May 022011
 

Owen Courrèges

They’re the scourge of New Orleans’ streets.  They strike with little warning and virtually no oversight, costing the citizens of New Orleans tens of millions of dollars each year.  As the years have passed they have continued to expand their reach into new neighborhoods – virgin territory for these merciless mechanical marvels.

I am speaking, of course, of speed cameras.

Thankfully, in this legislative session there are two bills from local legislators, Senate Bill 75 and House Bill 347, seeking to ban speed cameras statewide.  In our charged political climate, it is heartening that this effort is a bipartisan one.  The House bill is sponsored by Rep. Jeffery Arnold (D – New Orleans), while the Senate bill is sponsored by Sen. Daniel Martiny (R – Metairie).

Of course, this had been tried before.  Cedric Richmond, former State Representative (and current U.S. Representative), made a noted attempt to ban red light cameras in 2009.  At the time, Richmond accurately noted that the cameras are “just a revenue generator.”

However, this doesn’t mollify supporters of the so-called “safety” cameras. Any discussion of automated traffic enforcement always begins with this statement:  If you don’t violate traffic laws then you have nothing to worry about. This is the go-to statement of traffic camera proponents.  They present the cameras as a win-win scenario where the city garners additional revenue by extracting money from an unsympathetic group – traffic scofflaws.

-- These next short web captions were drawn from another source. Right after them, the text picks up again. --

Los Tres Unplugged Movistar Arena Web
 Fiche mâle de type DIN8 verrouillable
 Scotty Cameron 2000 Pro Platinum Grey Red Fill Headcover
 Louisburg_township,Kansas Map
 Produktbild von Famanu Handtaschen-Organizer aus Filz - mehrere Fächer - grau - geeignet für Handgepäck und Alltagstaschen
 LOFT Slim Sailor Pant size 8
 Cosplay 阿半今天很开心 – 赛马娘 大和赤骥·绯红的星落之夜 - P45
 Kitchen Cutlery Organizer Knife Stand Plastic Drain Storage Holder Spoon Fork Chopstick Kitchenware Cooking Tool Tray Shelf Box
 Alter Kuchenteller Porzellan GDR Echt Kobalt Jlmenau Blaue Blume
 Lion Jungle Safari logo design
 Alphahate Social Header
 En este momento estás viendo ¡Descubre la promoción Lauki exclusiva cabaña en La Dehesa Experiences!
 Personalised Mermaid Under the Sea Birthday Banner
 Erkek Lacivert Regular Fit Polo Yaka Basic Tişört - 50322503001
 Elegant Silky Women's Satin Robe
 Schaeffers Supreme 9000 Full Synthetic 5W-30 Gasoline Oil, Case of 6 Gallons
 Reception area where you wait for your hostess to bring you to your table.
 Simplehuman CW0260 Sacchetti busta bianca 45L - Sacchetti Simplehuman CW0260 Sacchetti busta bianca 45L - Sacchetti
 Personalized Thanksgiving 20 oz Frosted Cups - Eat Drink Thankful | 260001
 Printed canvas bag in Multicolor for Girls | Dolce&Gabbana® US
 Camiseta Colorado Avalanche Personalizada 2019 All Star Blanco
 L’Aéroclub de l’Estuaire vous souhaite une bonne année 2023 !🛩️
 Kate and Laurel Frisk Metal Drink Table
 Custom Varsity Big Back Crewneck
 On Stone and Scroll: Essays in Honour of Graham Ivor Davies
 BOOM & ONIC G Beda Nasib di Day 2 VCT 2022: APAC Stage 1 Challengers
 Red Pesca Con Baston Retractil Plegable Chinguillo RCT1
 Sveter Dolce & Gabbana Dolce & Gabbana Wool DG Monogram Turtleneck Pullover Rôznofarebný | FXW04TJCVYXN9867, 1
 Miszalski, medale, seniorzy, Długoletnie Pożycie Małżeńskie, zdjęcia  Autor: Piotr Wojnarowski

There are multiple problems with this stance.  First of all, under New Orleans’ existing automated traffic enforcement statute, the owner of a vehicle is solidarily liable with the driver for any camera fine.  What this means is that if you generously loan your car to your broke, unemployed friend who is late for a job interview, you’ll be on the hook for his ticket when he blares past a speed camera on his way to meet with the Assistant Manager of Taco Hut.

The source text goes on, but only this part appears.